* _What this task involves_
The records below need to be copied in full. Match them exactly.

* _Stored data_
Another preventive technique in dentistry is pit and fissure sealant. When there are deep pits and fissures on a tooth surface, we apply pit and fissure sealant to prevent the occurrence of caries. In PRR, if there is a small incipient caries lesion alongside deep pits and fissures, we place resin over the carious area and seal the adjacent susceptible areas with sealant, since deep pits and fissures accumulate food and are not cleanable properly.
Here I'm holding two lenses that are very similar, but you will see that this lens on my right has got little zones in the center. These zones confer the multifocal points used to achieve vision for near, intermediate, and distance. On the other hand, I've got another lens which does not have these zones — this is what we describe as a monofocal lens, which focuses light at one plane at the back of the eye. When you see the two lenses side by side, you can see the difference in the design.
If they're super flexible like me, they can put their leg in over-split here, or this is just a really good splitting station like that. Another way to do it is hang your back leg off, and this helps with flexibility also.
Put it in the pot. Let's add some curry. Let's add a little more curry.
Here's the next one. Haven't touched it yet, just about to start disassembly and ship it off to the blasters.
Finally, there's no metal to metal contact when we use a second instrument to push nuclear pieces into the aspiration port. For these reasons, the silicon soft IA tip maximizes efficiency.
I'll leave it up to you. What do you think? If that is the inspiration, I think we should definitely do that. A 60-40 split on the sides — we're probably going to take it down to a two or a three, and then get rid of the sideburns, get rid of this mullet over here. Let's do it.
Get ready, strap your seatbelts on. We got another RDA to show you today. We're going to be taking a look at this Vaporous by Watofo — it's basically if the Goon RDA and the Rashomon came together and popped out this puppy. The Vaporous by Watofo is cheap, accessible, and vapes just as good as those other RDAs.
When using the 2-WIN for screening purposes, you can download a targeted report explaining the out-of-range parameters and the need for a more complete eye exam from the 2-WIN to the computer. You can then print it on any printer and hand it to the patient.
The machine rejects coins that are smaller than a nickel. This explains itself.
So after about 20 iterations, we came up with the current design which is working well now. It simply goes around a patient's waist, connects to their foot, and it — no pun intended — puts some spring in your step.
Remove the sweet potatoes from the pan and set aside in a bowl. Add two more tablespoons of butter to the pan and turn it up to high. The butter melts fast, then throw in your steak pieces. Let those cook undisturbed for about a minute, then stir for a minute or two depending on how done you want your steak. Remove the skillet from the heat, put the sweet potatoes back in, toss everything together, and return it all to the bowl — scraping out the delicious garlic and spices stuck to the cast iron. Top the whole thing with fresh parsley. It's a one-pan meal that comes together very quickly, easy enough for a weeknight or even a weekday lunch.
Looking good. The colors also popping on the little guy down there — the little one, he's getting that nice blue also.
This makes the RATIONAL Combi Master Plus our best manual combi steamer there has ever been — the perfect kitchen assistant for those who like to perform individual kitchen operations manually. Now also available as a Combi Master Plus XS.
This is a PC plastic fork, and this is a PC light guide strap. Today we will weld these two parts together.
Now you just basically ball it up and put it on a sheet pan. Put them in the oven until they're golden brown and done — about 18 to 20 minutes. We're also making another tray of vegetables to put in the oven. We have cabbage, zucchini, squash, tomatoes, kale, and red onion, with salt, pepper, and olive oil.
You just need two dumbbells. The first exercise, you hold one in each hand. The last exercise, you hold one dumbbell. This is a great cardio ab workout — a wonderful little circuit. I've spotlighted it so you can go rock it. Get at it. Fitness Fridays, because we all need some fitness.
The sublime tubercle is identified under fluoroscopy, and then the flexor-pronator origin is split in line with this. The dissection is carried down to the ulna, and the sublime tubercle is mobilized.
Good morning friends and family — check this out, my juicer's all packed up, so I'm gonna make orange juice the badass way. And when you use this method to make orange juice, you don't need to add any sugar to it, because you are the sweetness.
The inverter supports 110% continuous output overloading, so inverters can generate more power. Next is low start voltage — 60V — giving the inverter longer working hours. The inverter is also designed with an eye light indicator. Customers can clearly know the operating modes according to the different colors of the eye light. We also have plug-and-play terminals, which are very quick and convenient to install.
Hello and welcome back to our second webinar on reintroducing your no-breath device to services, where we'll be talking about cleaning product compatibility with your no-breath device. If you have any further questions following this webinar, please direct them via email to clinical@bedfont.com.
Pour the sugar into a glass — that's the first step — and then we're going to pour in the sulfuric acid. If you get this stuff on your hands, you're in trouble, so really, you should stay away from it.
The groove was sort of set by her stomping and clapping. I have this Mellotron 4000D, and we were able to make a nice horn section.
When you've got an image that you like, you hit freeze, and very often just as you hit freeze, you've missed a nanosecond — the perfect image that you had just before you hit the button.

* _Problem solution_
Another preventive technique in dentistry is pit and fissure sealant. When there are deep pits and fissures on a tooth surface, we apply pit and fissure sealant to prevent the occurrence of caries. In PRR, if there is a small incipient caries lesion alongside deep pits and fissures, we place resin over the carious area and seal the adjacent susceptible areas with sealant, since deep pits and fissures accumulate food and are not cleanable properly.
Here I'm holding two lenses that are very similar, but you will see that this lens on my right has got little zones in the center. These zones confer the multifocal points used to achieve vision for near, intermediate, and distance. On the other hand, I've got another lens which does not have these zones — this is what we describe as a monofocal lens, which focuses light at one plane at the back of the eye. When you see the two lenses side by side, you can see the difference in the design.
If they're super flexible like me, they can put their leg in over-split here, or this is just a really good splitting station like that. Another way to do it is hang your back leg off, and this helps with flexibility also.
Put it in the pot. Let's add some curry. Let's add a little more curry.
Here's the next one. Haven't touched it yet, just about to start disassembly and ship it off to the blasters.
Finally, there's no metal to metal contact when we use a second instrument to push nuclear pieces into the aspiration port. For these reasons, the silicon soft IA tip maximizes efficiency.
I'll leave it up to you. What do you think? If that is the inspiration, I think we should definitely do that. A 60-40 split on the sides — we're probably going to take it down to a two or a three, and then get rid of the sideburns, get rid of this mullet over here. Let's do it.
Get ready, strap your seatbelts on. We got another RDA to show you today. We're going to be taking a look at this Vaporous by Watofo — it's basically if the Goon RDA and the Rashomon came together and popped out this puppy. The Vaporous by Watofo is cheap, accessible, and vapes just as good as those other RDAs.
When using the 2-WIN for screening purposes, you can download a targeted report explaining the out-of-range parameters and the need for a more complete eye exam from the 2-WIN to the computer. You can then print it on any printer and hand it to the patient.
The machine rejects coins that are smaller than a nickel. This explains itself.
So after about 20 iterations, we came up with the current design which is working well now. It simply goes around a patient's waist, connects to their foot, and it — no pun intended — puts some spring in your step.
Remove the sweet potatoes from the pan and set aside in a bowl. Add two more tablespoons of butter to the pan and turn it up to high. The butter melts fast, then throw in your steak pieces. Let those cook undisturbed for about a minute, then stir for a minute or two depending on how done you want your steak. Remove the skillet from the heat, put the sweet potatoes back in, toss everything together, and return it all to the bowl — scraping out the delicious garlic and spices stuck to the cast iron. Top the whole thing with fresh parsley. It's a one-pan meal that comes together very quickly, easy enough for a weeknight or even a weekday lunch.
Looking good. The colors also popping on the little guy down there — the little one, he's getting that nice blue also.
This makes the RATIONAL Combi Master Plus our best manual combi steamer there has ever been — the perfect kitchen assistant for those who like to perform individual kitchen operations manually. Now also available as a Combi Master Plus XS.
This is a PC plastic fork, and this is a PC light guide strap. Today we will weld these two parts together.
Now you just basically ball it up and put it on a sheet pan. Put them in the oven until they're golden brown and done — about 18 to 20 minutes. We're also making another tray of vegetables to put in the oven. We have cabbage, zucchini, squash, tomatoes, kale, and red onion, with salt, pepper, and olive oil.
You just need two dumbbells. The first exercise, you hold one in each hand. The last exercise, you hold one dumbbell. This is a great cardio ab workout — a wonderful little circuit. I've spotlighted it so you can go rock it. Get at it. Fitness Fridays, because we all need some fitness.
The sublime tubercle is identified under fluoroscopy, and then the flexor-pronator origin is split in line with this. The dissection is carried down to the ulna, and the sublime tubercle is mobilized.
Good morning friends and family — check this out, my juicer's all packed up, so I'm gonna make orange juice the badass way. And when you use this method to make orange juice, you don't need to add any sugar to it, because you are the sweetness.
The inverter supports 110% continuous output overloading, so inverters can generate more power. Next is low start voltage — 60V — giving the inverter longer working hours. The inverter is also designed with an eye light indicator. Customers can clearly know the operating modes according to the different colors of the eye light. We also have plug-and-play terminals, which are very quick and convenient to install.
Hello and welcome back to our second webinar on reintroducing your no-breath device to services, where we'll be talking about cleaning product compatibility with your no-breath device. If you have any further questions following this webinar, please direct them via email to clinical@bedfont.com.
Pour the sugar into a glass — that's the first step — and then we're going to pour in the sulfuric acid. If you get this stuff on your hands, you're in trouble, so really, you should stay away from it.
The groove was sort of set by her stomping and clapping. I have this Mellotron 4000D, and we were able to make a nice horn section.
When you've got an image that you like, you hit freeze, and very often just as you hit freeze, you've missed a nanosecond — the perfect image that you had just before you hit the button.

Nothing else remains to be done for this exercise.